↓
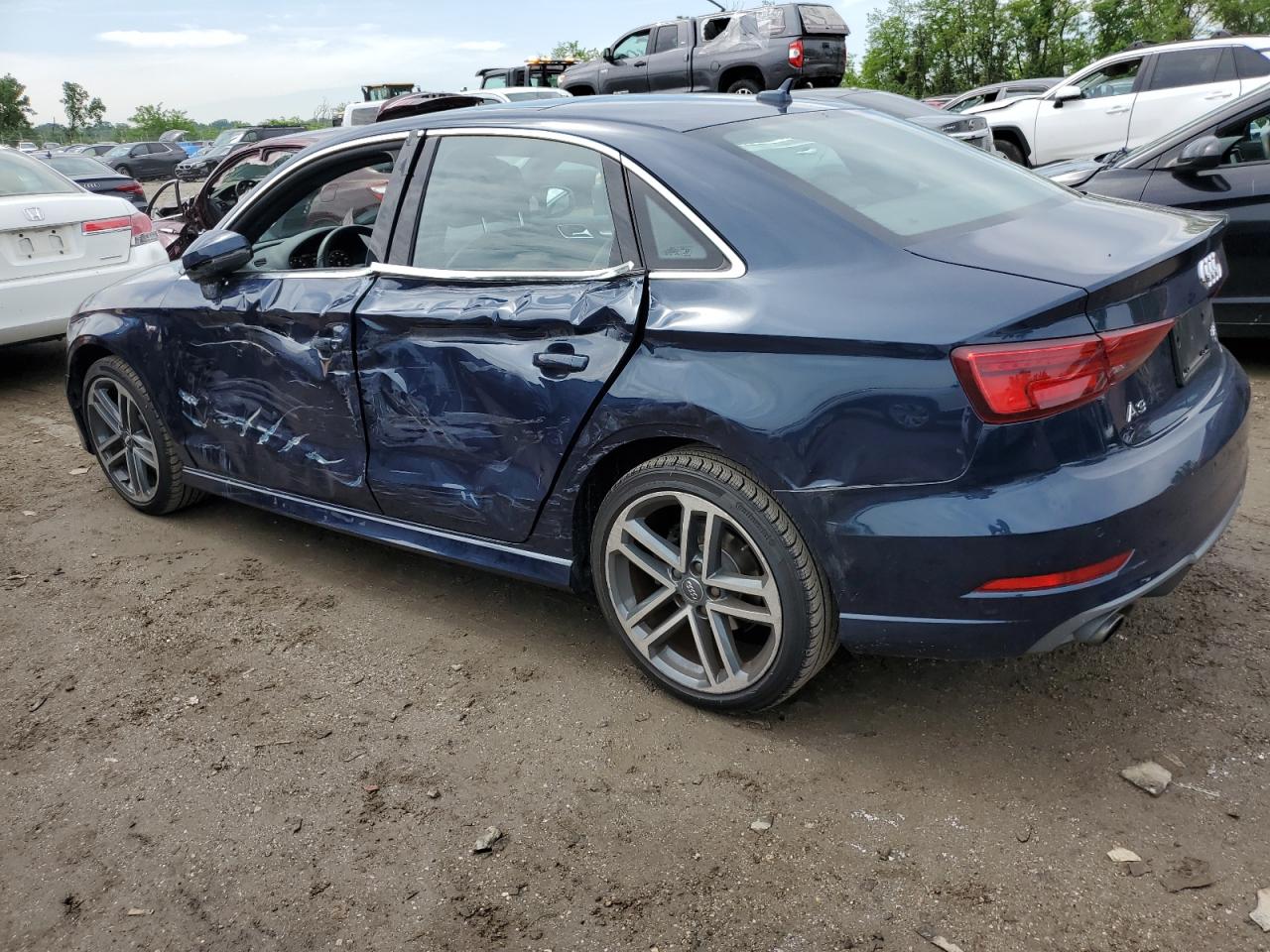 Автомобиль AUDI A3 PREMIUM PLUS 2018 | GrandCar Автомобиль AUDI A3 PREMIUM PLUS 2018 | GrandCar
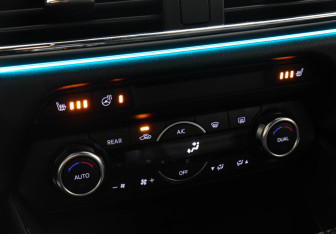 Подержанный автомобиль Mazda CX-9 2018 года (17 фото)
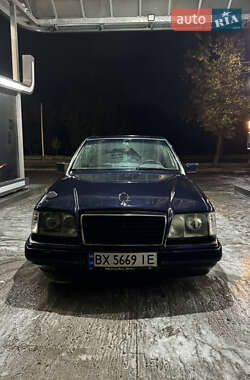 Седан Mercedes-Benz E-Class 1995 в Хмельницькому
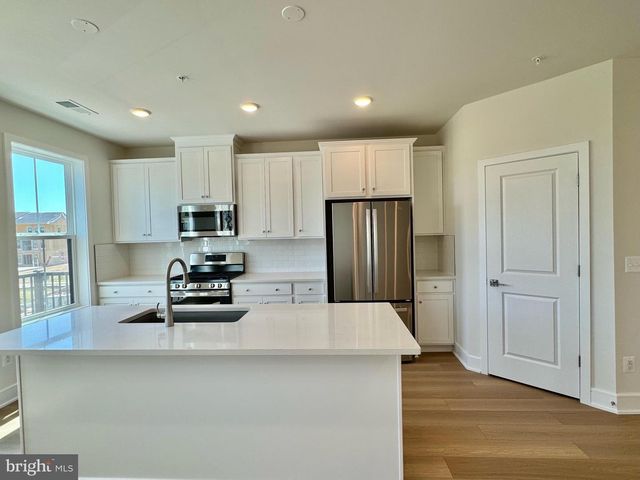 43362 FARRINGDON SQ, Ashburn, VA 20148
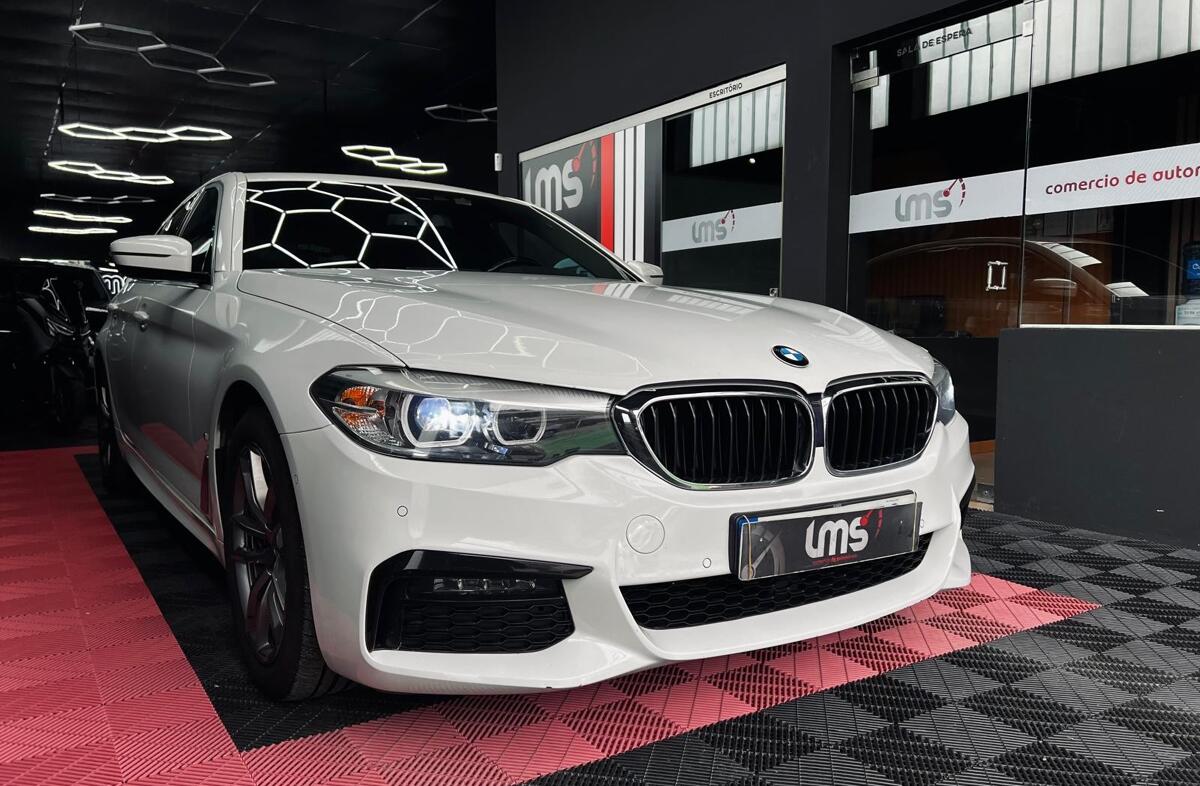 BMW Serie-5 530 e iPerformance Pack M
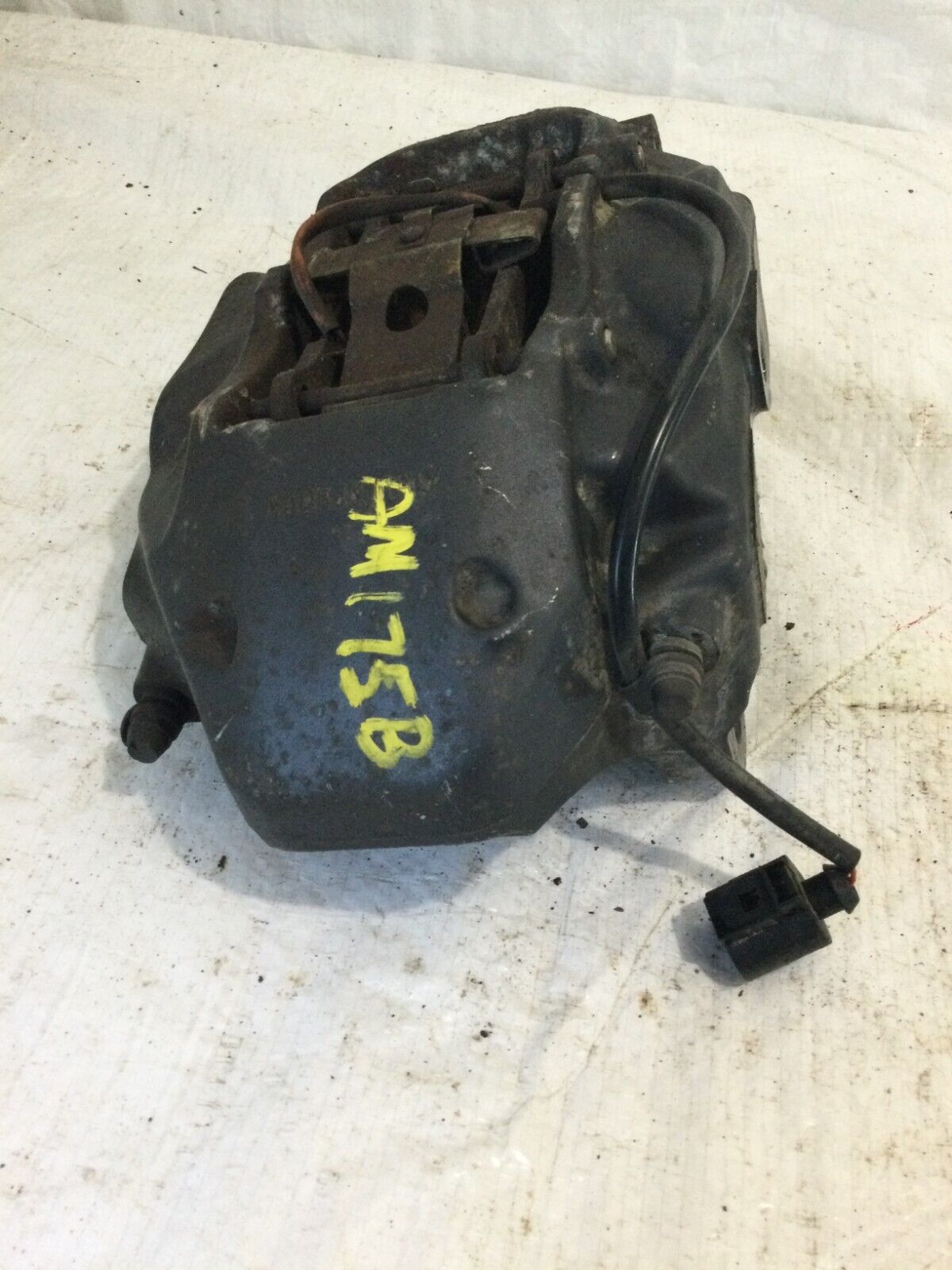 2004-2010 Volkswagen Touareg Front Left Brembo Brake Caliper OEM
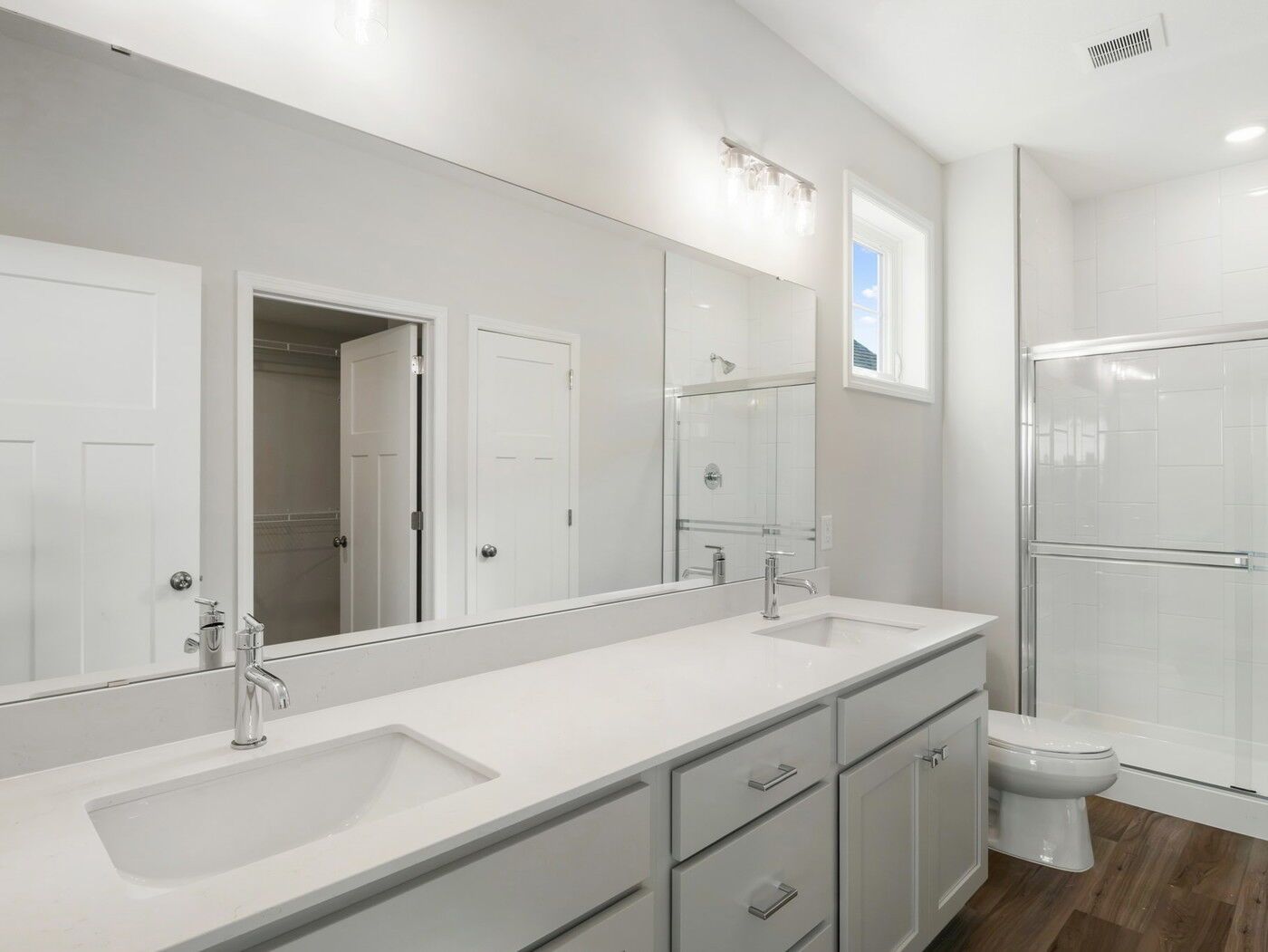 Owner's Bathroom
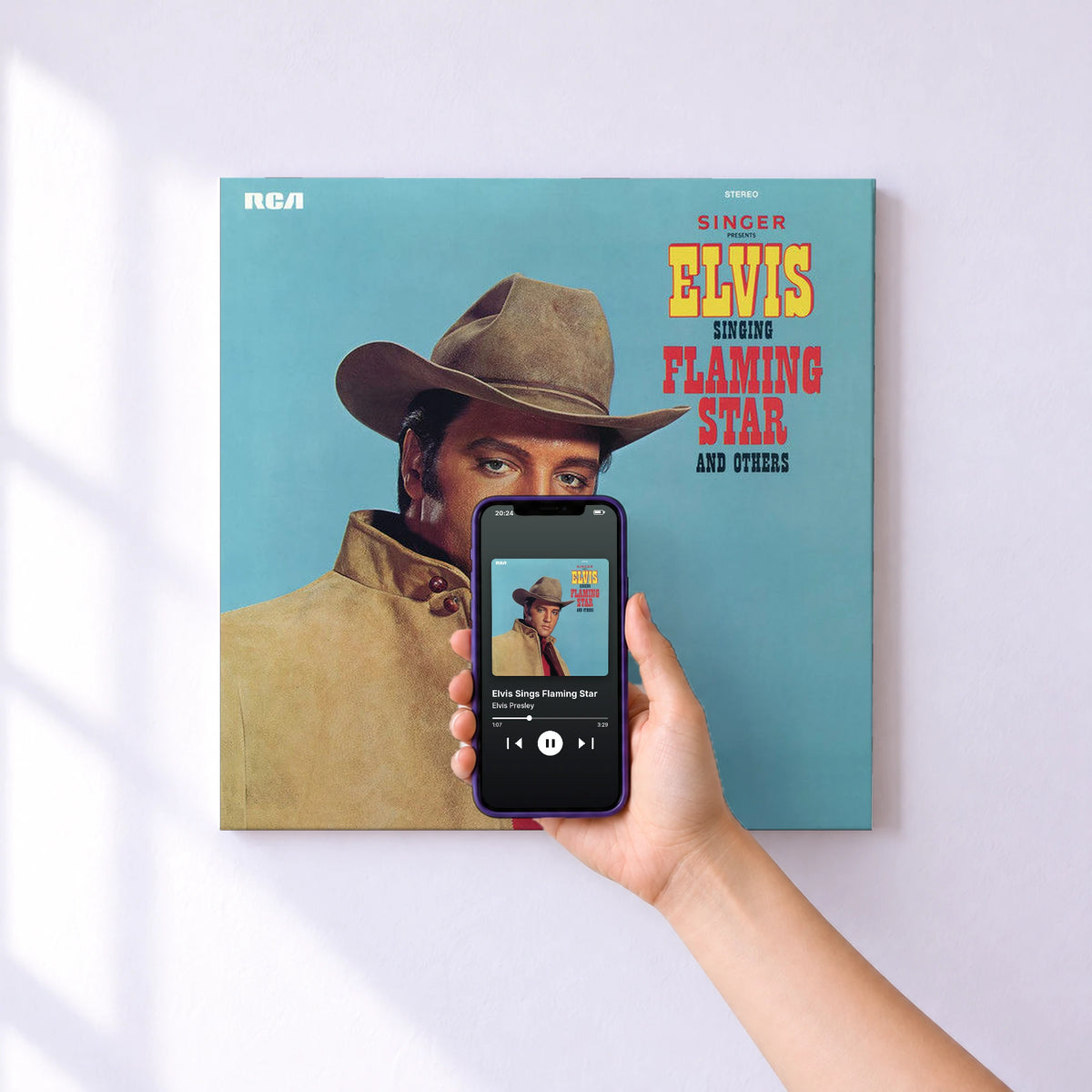 Affiche connectée Elvis Sings Flaming Star de Elvis Presley au mur : l'album se lance en approchant le téléphone
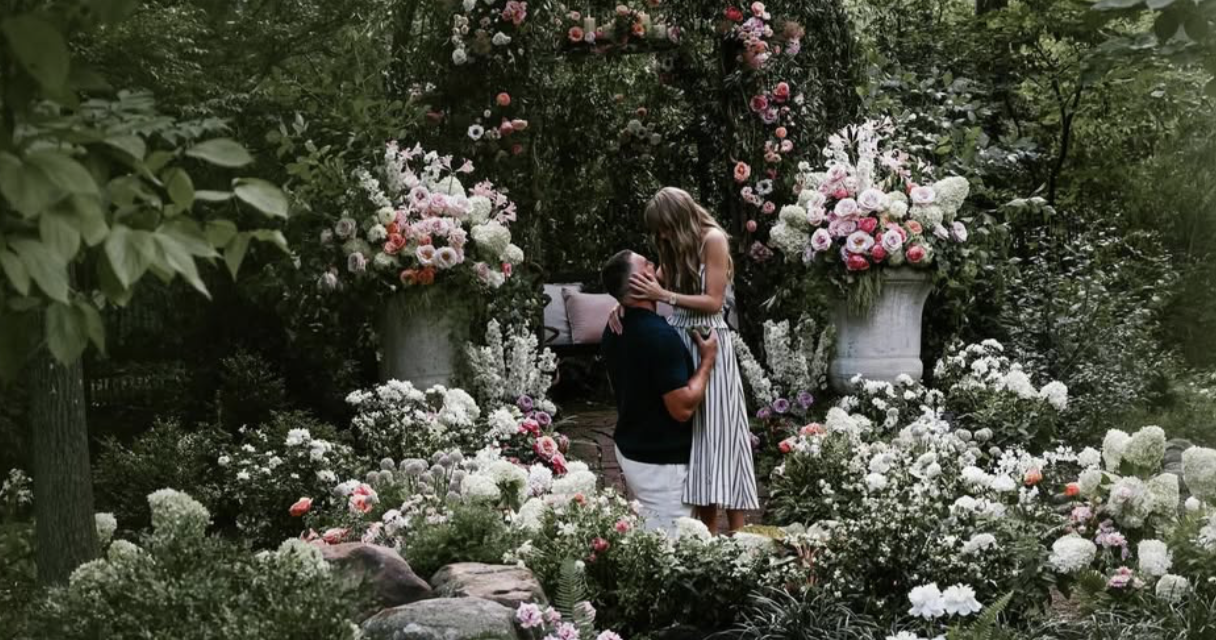 泰勒絲今年8月與男友崔維斯．凱爾西訂婚。（圖／翻攝自IG@taylorswift）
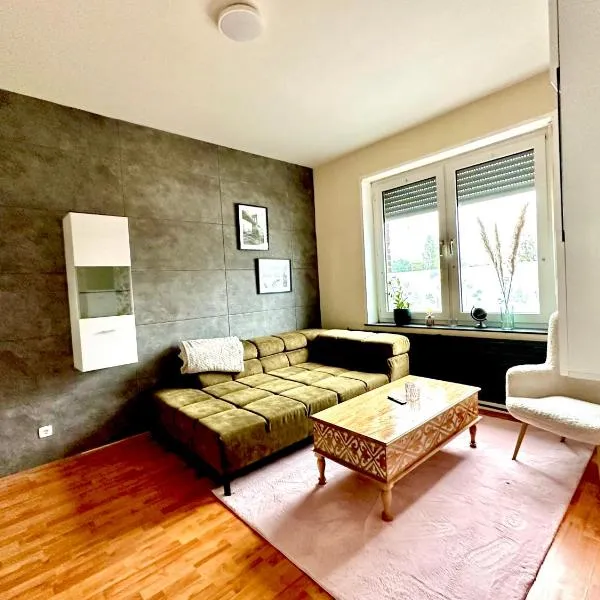 GreenRhein Lounge, hotel in Alpen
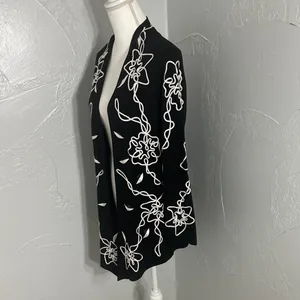 Lauren Michelle Black Embroidered Floral Cardigan – Boho Chic Elegance. thumbnail 5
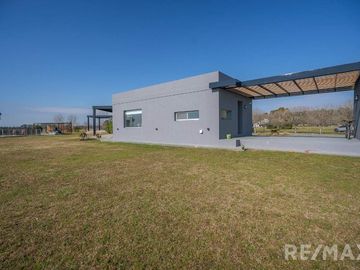 VENTA CASA 5 AMB  LA MACARENA, PILETA, A. CRÉDITO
↑
▸ **Problem requirements**
Set down word for word each line from the one containing "2004-2010 Volkswagen Touareg" through the end of the material, and keep the pictures out of it.

▸ **Solved problem**
 2004-2010 Volkswagen Touareg Front Left Brembo Brake Caliper OEM
 Owner's Bathroom
 Affiche connectée Elvis Sings Flaming Star de Elvis Presley au mur : l'album se lance en approchant le téléphone
 泰勒絲今年8月與男友崔維斯．凱爾西訂婚。（圖／翻攝自IG@taylorswift）
 GreenRhein Lounge, hotel in Alpen
 Lauren Michelle Black Embroidered Floral Cardigan – Boho Chic Elegance. thumbnail 5
 VENTA CASA 5 AMB  LA MACARENA, PILETA, A. CRÉDITO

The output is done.